İşte invaziv prosedürlere alternatif olarak geliştirilen yeni teşhis yöntemi:
Lumipulse testi, özellikle bilişsel gerileme belirtileri gösteren hastalar için klinik ortamlarda kullanılmak üzere tasarlandı. Test, şu aşamada genel nüfusun rutin tarama amacıyla talep edebileceği standart bir işlem olarak değil, belirli semptomları gösteren kişilerde kullanılmak üzere onaylandı. Bu yenilikçi kan testi, hastalığın erken teşhisine olanak sağlayarak tedavi sürecinin daha erken başlatılabilmesine imkan tanıyor.
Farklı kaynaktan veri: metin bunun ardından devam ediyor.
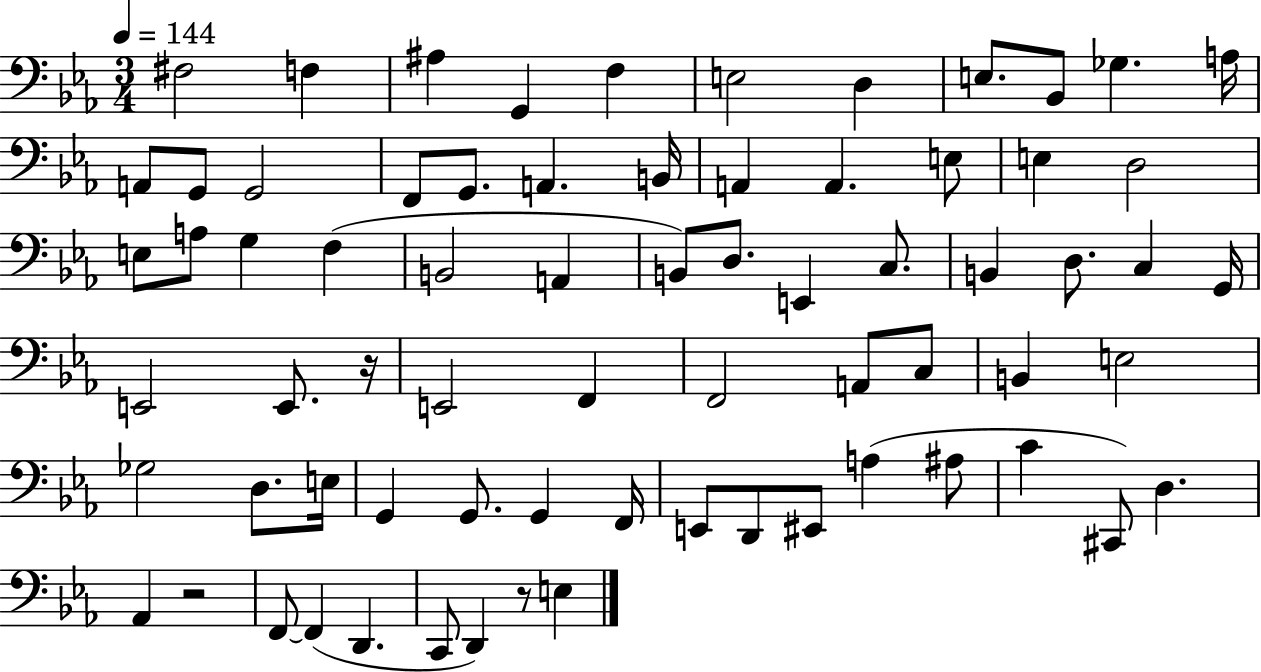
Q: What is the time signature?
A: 3/4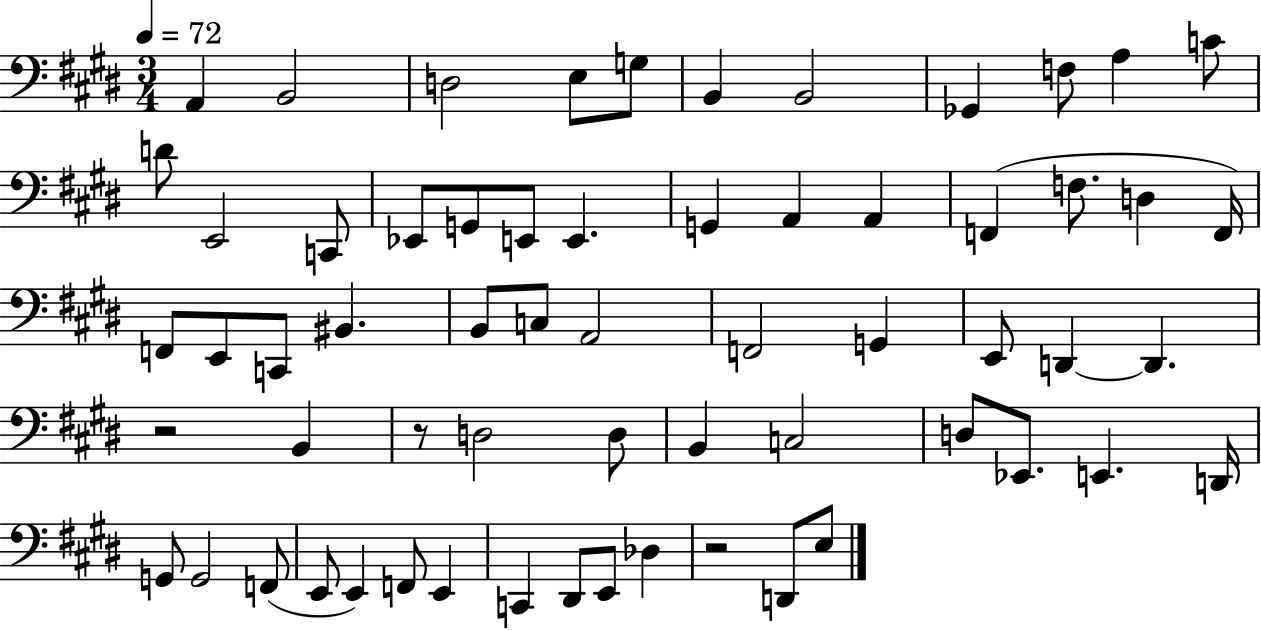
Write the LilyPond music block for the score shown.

{
  \clef bass
  \numericTimeSignature
  \time 3/4
  \key e \major
  \tempo 4 = 72
  a,4 b,2 | d2 e8 g8 | b,4 b,2 | ges,4 f8 a4 c'8 | \break d'8 e,2 c,8 | ees,8 g,8 e,8 e,4. | g,4 a,4 a,4 | f,4( f8. d4 f,16) | \break f,8 e,8 c,8 bis,4. | b,8 c8 a,2 | f,2 g,4 | e,8 d,4~~ d,4. | \break r2 b,4 | r8 d2 d8 | b,4 c2 | d8 ees,8. e,4. d,16 | \break g,8 g,2 f,8( | e,8 e,4) f,8 e,4 | c,4 dis,8 e,8 des4 | r2 d,8 e8 | \break \bar "|."
}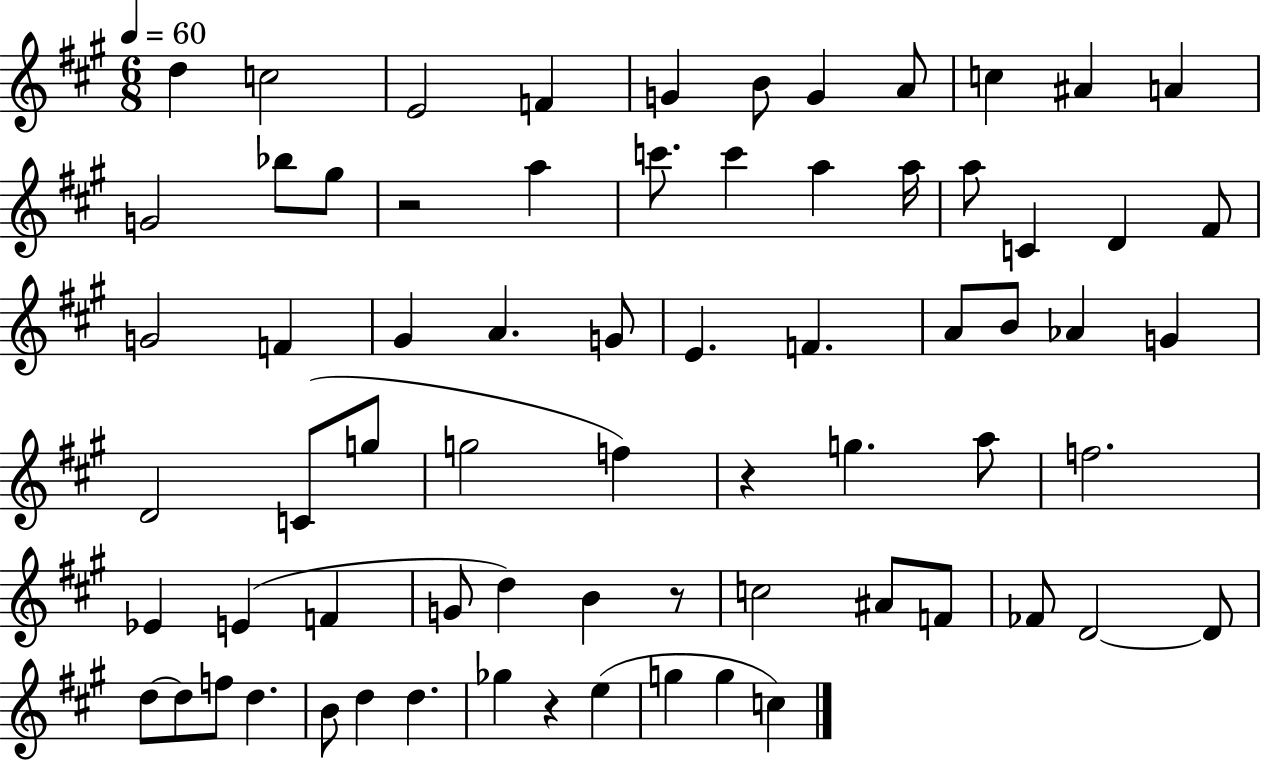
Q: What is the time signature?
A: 6/8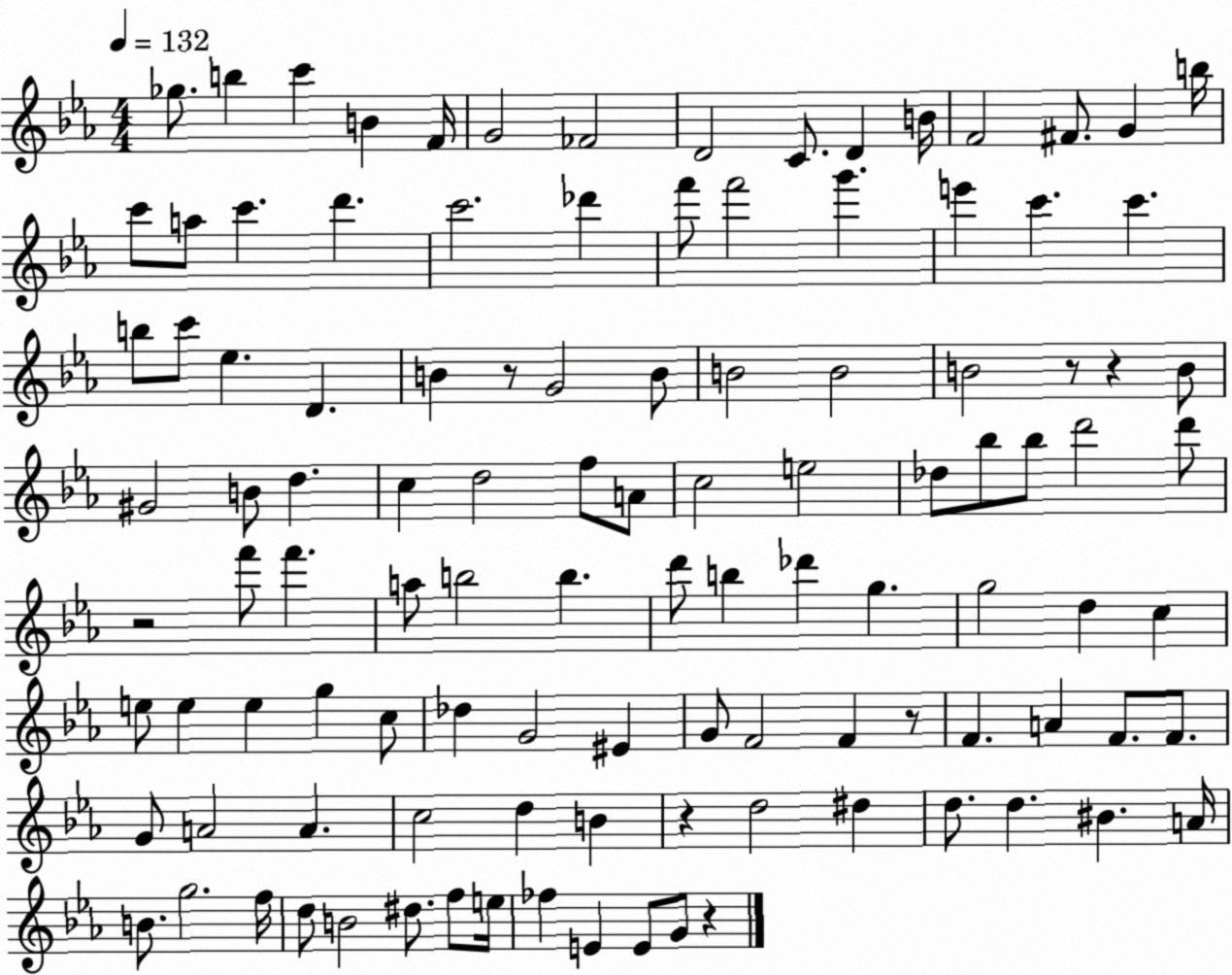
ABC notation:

X:1
T:Untitled
M:4/4
L:1/4
K:Eb
_g/2 b c' B F/4 G2 _F2 D2 C/2 D B/4 F2 ^F/2 G b/4 c'/2 a/2 c' d' c'2 _d' f'/2 f'2 g' e' c' c' b/2 c'/2 _e D B z/2 G2 B/2 B2 B2 B2 z/2 z B/2 ^G2 B/2 d c d2 f/2 A/2 c2 e2 _d/2 _b/2 _b/2 d'2 d'/2 z2 f'/2 f' a/2 b2 b d'/2 b _d' g g2 d c e/2 e e g c/2 _d G2 ^E G/2 F2 F z/2 F A F/2 F/2 G/2 A2 A c2 d B z d2 ^d d/2 d ^B A/4 B/2 g2 f/4 d/2 B2 ^d/2 f/2 e/4 _f E E/2 G/2 z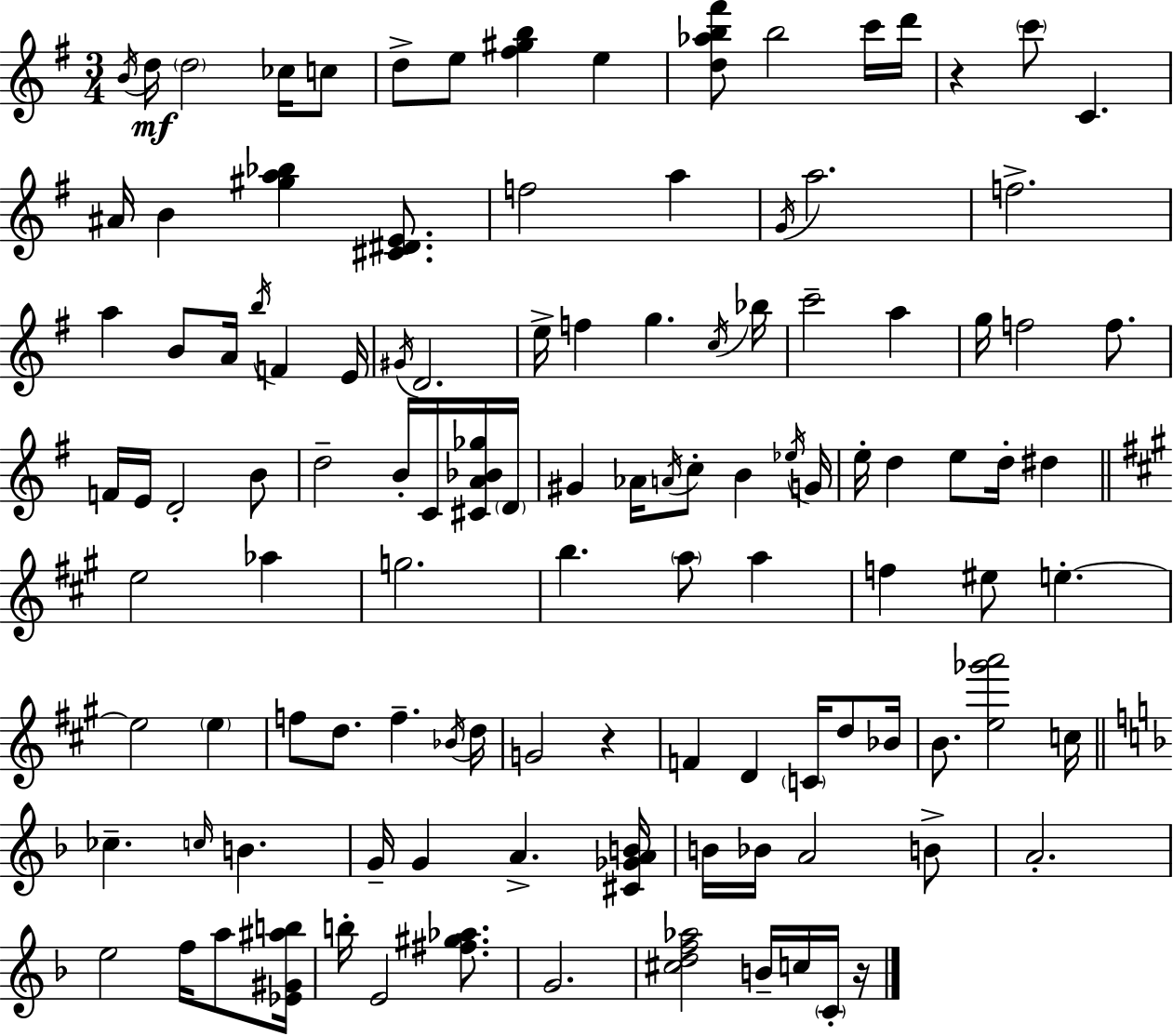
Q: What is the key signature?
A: E minor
Testin çalışma prensibi, kandaki pTau217 ve β-amiloid 1-42 adı verilen iki proteinin ölçümüne dayanıyor. Bu proteinlerin oranları, beyinde Alzheimer hastalığının karakteristik özelliği olan amiloid plaklarının birikimini gösteriyor. Alzheimer hastalarında tipik olarak pTau217 seviyesi yükselirken, β-amiloid 1-42 seviyesi düşüş gösteriyor. Bu değişimler, kan testinin hastalığın varlığını tespit etmesine yardımcı oluyor.
Uzmanlar, bu yeni teşhis yönteminin Alzheimer araştırmalarını da hızlandıracağını öngörüyor. Daha kolay ve yaygın tarama imkanı, klinik araştırmaların kapsamını genişleterek hastalıkla ilgili yeni tedavi yöntemlerinin geliştirilmesine katkı sağlayabilir. Ayrıca Alzheimer hastalığının erken teşhisi, hastaların ve ailelerinin gelecek planlaması yapmalarına ve hastalığın ilerlemesini yavaşlatabilecek müdahalelere daha erken erişmelerine olanak tanımakta.